▶ **INFORMATION SUPPLIED**:
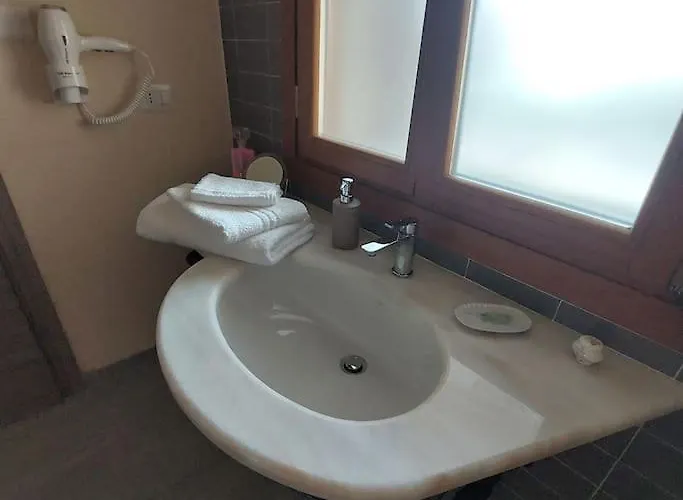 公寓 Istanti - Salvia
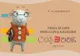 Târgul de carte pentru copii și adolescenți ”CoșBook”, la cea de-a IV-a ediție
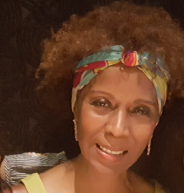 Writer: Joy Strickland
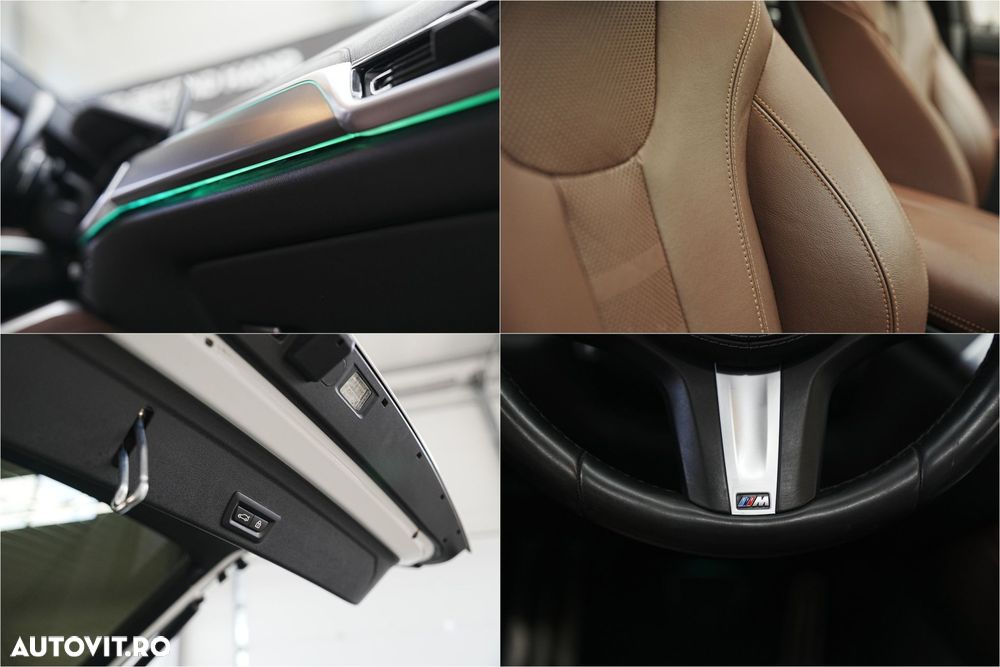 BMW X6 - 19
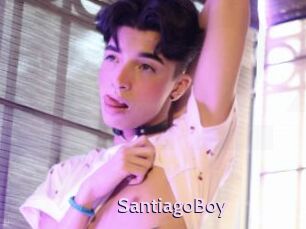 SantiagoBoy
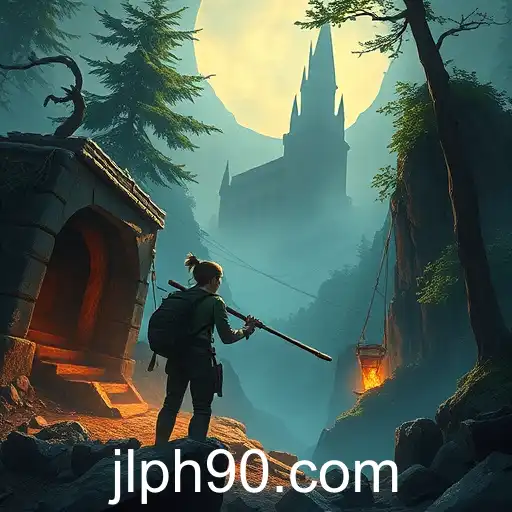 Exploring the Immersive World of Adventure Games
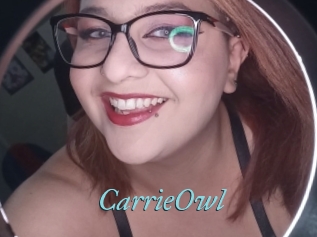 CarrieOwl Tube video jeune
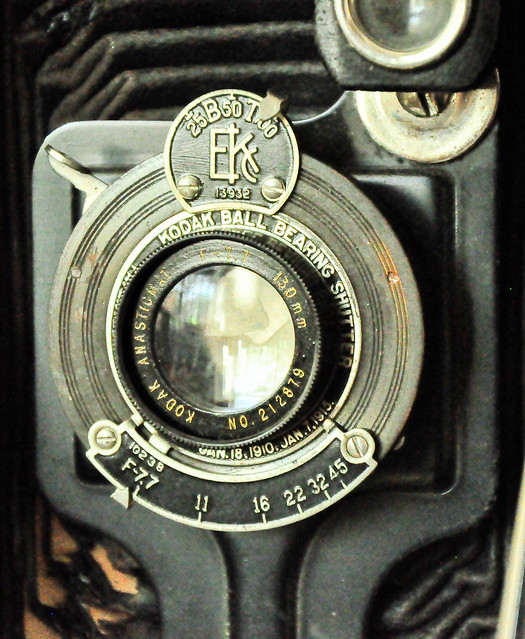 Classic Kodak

--

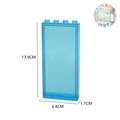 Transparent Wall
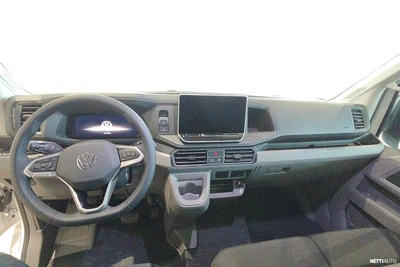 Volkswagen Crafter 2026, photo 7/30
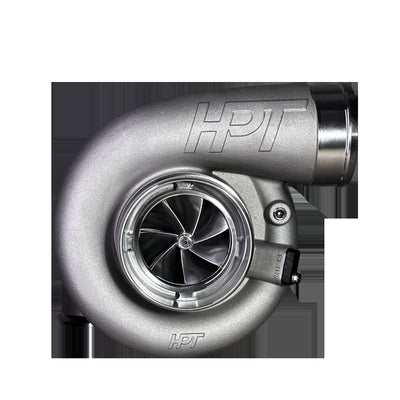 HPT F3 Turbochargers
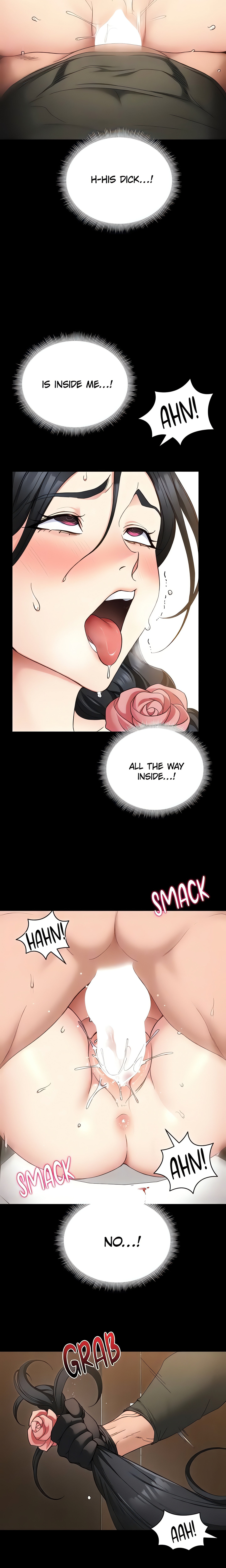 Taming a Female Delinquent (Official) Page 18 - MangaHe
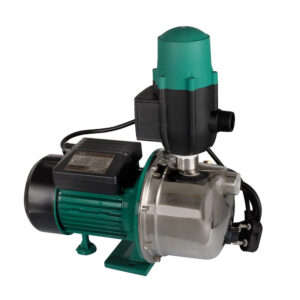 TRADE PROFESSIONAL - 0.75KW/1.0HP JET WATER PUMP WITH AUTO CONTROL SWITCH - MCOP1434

▶ **WHAT TO PRODUCE**:
Your copy should hold the lines from the one with "公寓 Istanti - Salvia" up to and including the one with "Classic Kodak", exactly as in the data above, and no pictures.

▶ **SOLUTION TO THE PROBLEM**:
 公寓 Istanti - Salvia
 Târgul de carte pentru copii și adolescenți ”CoșBook”, la cea de-a IV-a ediție
 Writer: Joy Strickland
 BMW X6 - 19
 SantiagoBoy
 Exploring the Immersive World of Adventure Games
 CarrieOwl Tube video jeune
 Classic Kodak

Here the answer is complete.